2.2. Les plus anciens témoins

Nous avons la chance de posséder quelques descriptions très anciennes de la Messe des origines. La plus frappante est celle de saint Justin (vers 152-153) qui fait l’apologie du culte chrétien en réponse aux attaques des païens.

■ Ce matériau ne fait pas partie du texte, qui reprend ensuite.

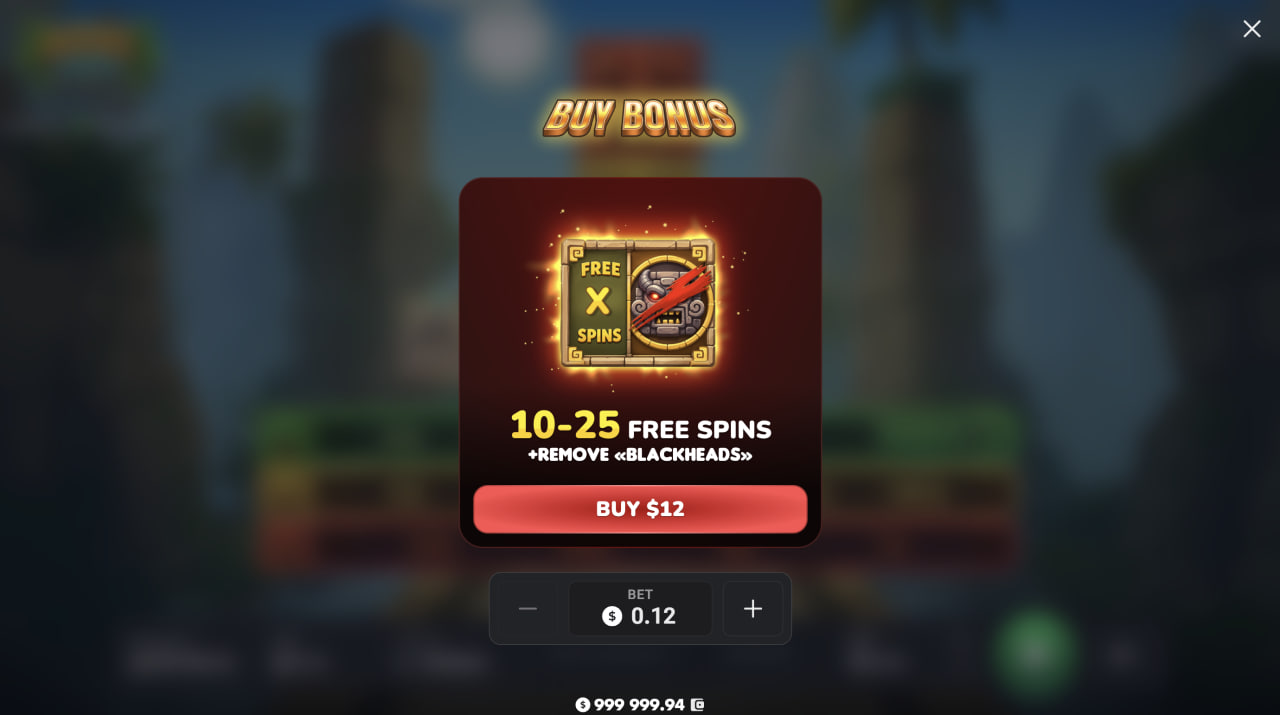 نافذة Bonus Buy في Aztec Totem مع 10 إلى 25 لفة مجانية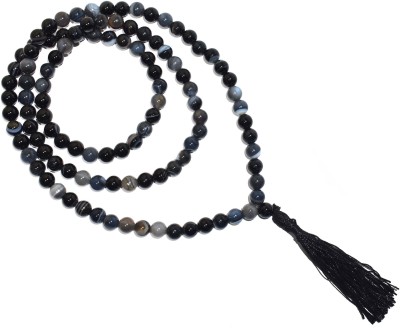 Healings4u Black Sulemani Hakik Aqeeq Chakra Healing Balancing 108 Bead Yoga Meditation Prayer Jap Mala Necklace Onyx Crystal Necklace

Dans ce texte vénérable, les grandes lignes de la liturgie eucharistique apparaissent clairement.[3]

– La Messe commence par les lectures de l’Ancien et du Nouveau Testament, usage inspiré par la prière de la synagogue et par les besoins de la catéchèse de la foi.

– Vient ensuite l’homélie de celui qui préside l’assemblée dominicale.

– Celle-ci est suivie des prières communes pour tous les fidèles.

– On se donne ensuite le baiser de paix, afin d’offrir le sacrifice avec un cœur pur.

– On apporte au célébrant le pain, le vin et l’eau.

– Celui-ci « fait une longue eucharistie » que le peuple conclut par un « Amen ».

– Les diacres portent aux fidèles et aux absents le pain et le vin consacrés, dont la réalité de chair et de sang du Christ est clairement professée.

Un peu plus tard, au début du IIIème siècle, la Tradition Apostolique d’Hippolyte de Rome précise les grandes lignes de la prière eucharistique : le dialogue initial et le texte de la Préface, le Sanctus, ainsi que les éléments obligés de la prière du prêtre durant la prière de consécration : le récit de l’institution eucharistique, le mémorial de la mort et de la résurrection de Jésus, l’invocation de l’Esprit Saint sur l’offrande de l’Église et sur les fidèles, la doxologie finale à la gloire du Père, par le Fils, dans l’Esprit Saint.

Suivant l’usage d’alors, le prêtre « improvisait » la prière eucharistique en se conformant à ces grandes lignes, mais très vite, dès le IVème siècle, l’Église rendit obligatoire l’usage de prières approuvées pour éviter les déficiences des prières improvisées.

Cette Messe des origines, bien dissociée des banquets fraternels, se déroulait chaque dimanche dans un lieu approprié appelé « maison d’Église » (kyriacon) ou, en l’absence de moyens matériels ou de tolérance religieuse, dans un local préparé pour la circonstance.

Voilà, brossée à très gros traits, l’origine de notre Messe, la réponse immédiate de l’Église au commandement du Seigneur de ses souvenir toujours de son sacrifice, et la forme permanente et universelle de la liturgie eucharistique.

[1] « Novum Pascha novæ Legis ». Séquence Lauda Sion de la fête du Saint-Sacrement, composée par saint Thomas d’Aquin.

[2] 1 Co 11, 17 et suivants. Saint Jude en fait autant dans son épître (1, 12) : « Ce sont eux, les hérétiques, les écueils de vos agapes ; ils font bonne chère sans vergogne, ils se repaissent… »

[3] S. Justin, Apologie pour les Chrétiens, « Sources Chrétiennes » n° 507, Éditions du Cerf, Paris 2006.